The study, conducted over 50 FIEs throughout Vietnam, showed that 80 per cent of FIEs had no research and development funds. Roughly 35 per cent of respondents had no research activities and only 20 per cent had research on new products. Particularly, 94 per cent of them had no independent technology patents. “Thus they have no technological capacity and also do not want to transfer technology to Vietnam,” said Anh. Senior economist Le Dang Doanh said if the situation went on, Vietnam may soon become a dumping ground for low quality technology.
In particular, Anh said half of FIEs in Vietnam were small and medium sized which suffered from continuous losses for years. Doanh ascribed such losses to FIEs’ price transfer, which could help them dodge tax obligations in Vietnam. The Ho Chi Minh City Taxation Department reported late last year that 60 per cent of the 3,500 FIEs operating in the city reported losses in 2009 and 50 per cent in 2008. Meanwhile, 104 out of 111 FIEs in Lam Dong province reported losses.

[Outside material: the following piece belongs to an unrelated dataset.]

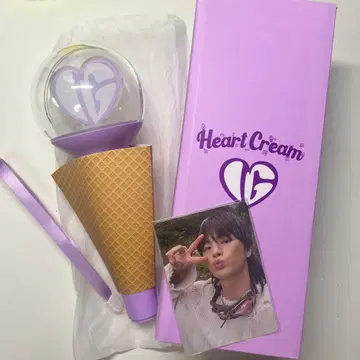 서인국 HeartCream 공식 응원봉 한국 한정판 1점만 박스 포함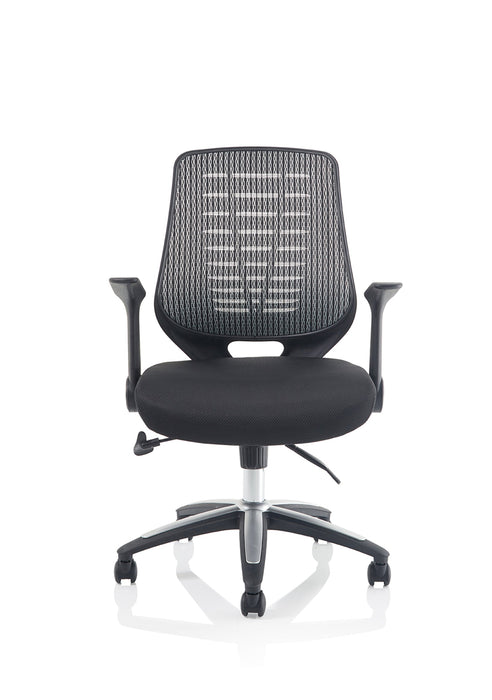 Relay Medium Mesh Back Task Operator Office Chair with Arms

Head of Vietnam Economics Institute Tran Dinh Thien, said that decentralisation of investment licencing had prompted localities to race for attracting foreign direct investment (FDI). “But localities’ weak management has given opportunities to many FIEs in overexploiting natural minerals and polluting the environment,” Thien said. “Vietnam’s complicated investment policies are preferred by many FIEs, because they can find loop-holes in such policies,” he said. In 2009, FDI comprised 25.5 per cent of the total investment in Vietnam and FIEs contributed 13.3 per cent to the nation’s gross domestic product. FIEs employed nearly 4 per cent of Vietnam’s labour force. They also comprised 57.6 per cent of Vietnam’s total export-import turnover in 2010.